**WHAT THIS TASK INVOLVES**:
Pictures are to be dropped. Everything else in the listing gets copied exactly.

**DATA EXTRACT**:
==================================================

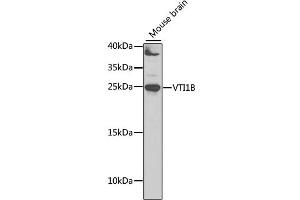 Western blot analysis of extracts of mouse brain, using VTI1B antibody. (VTI1B 抗体)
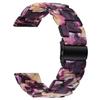 For Nokia Withings Steel HR 40mm Waterproof Resin Acrylic Smart Watch Band Strap 20mm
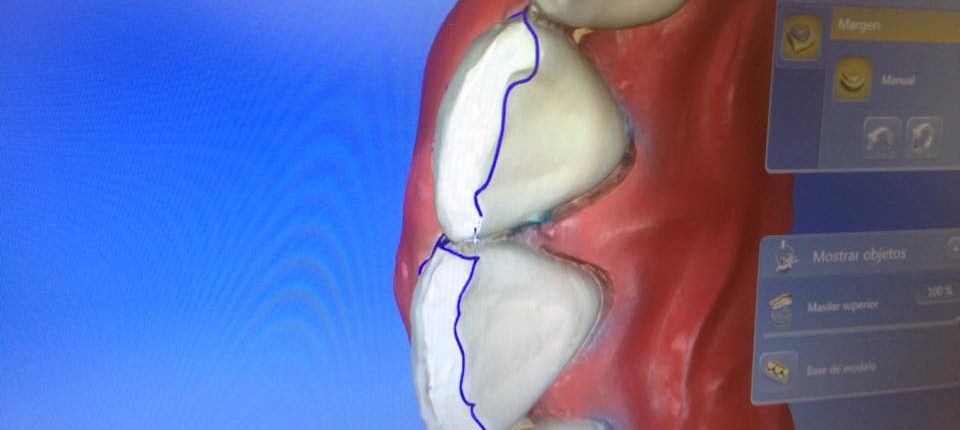 28059536_10155046935515064_83322044588093162_n
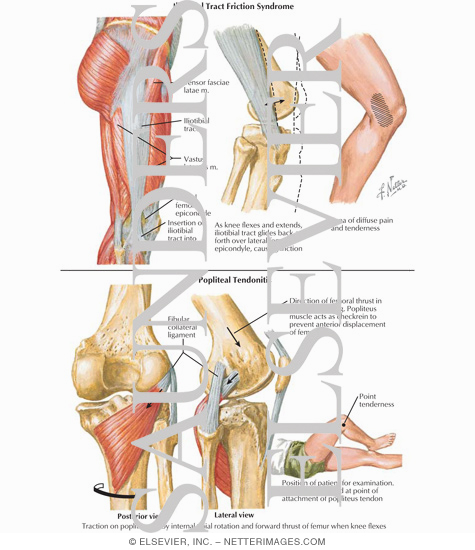 Watermarked preview of labeled image: Popliteus Tendinitis - lliotibial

==================================================

**SOLUTION**:
 Western blot analysis of extracts of mouse brain, using VTI1B antibody. (VTI1B 抗体)
 For Nokia Withings Steel HR 40mm Waterproof Resin Acrylic Smart Watch Band Strap 20mm
 28059536_10155046935515064_83322044588093162_n
 Watermarked preview of labeled image: Popliteus Tendinitis - lliotibial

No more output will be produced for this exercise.